The Age of Miracles
Author:
Genres: Literature & Fiction, Science Fiction & Fantasy
Book Type: Hardcover
Author:
Genres: Literature & Fiction, Science Fiction & Fantasy
Book Type: Hardcover
Rhian W. (couchsloth) reviewed on
Helpful Score: 4
I am thoroughly disappointed with this book. It's from the perspective of a tweenager in middle school during the end of the world. It sounds like a good idea- a coming of age story around an international crisis- but its execution is majorly flawed. The main character speaks in unintended prose and every paragraph ends with an overdramatic and unnecessary overgeneralization about life. For example: "My mother waited in car at the curb until the bus arrived, convinced that danger, like potatoes, breeds in the dark." Potatoes. What. And another melodramatic observation: "Grown under similar conditions, we had become very different, two specimens of girlhood, now diverging." At the end of every paragraph you will find the 12 year old philosopher making another angsty claim about nothing at all.

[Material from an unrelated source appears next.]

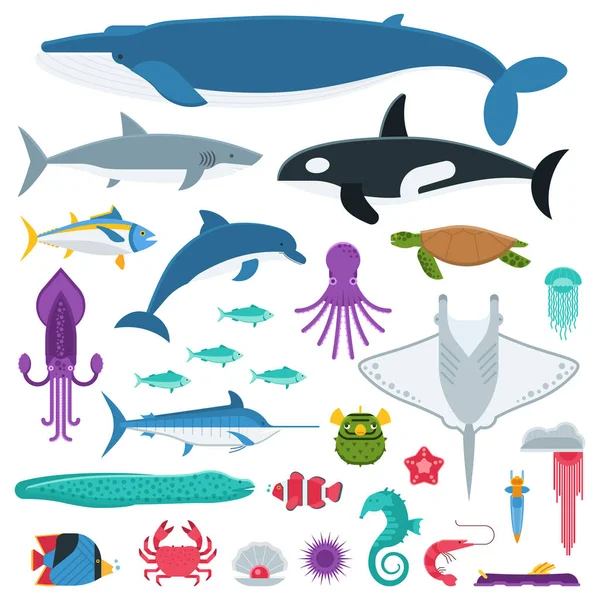 Sea Life and Underwater Animals and Fishes - Stok Vektor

The book is supposed to be creepy, but I found myself laughing at the botched construction of the sentences. "And how miraculous it would soon seem that I was once a happier girl, less lonely and less shy. But I guess every bygone era takes on a shade of myth. With a little persuasion, any familiar thing can turn abnormal in the mind." There's too much foreshadowing, too. 99% of the sentences are either philosophical musings provoked by nothing or foreshadowing for events that either don't happen or are too small to require foreshadowing. The only reason I made it through the book was the hope that it would get better, which it didn't. By the time I was halfway through, I figured that I might as well finish it seeing as how I had come so far. Nothing happens in the book. I wanted to give a fair warning to anyone considering reading this book. Don't.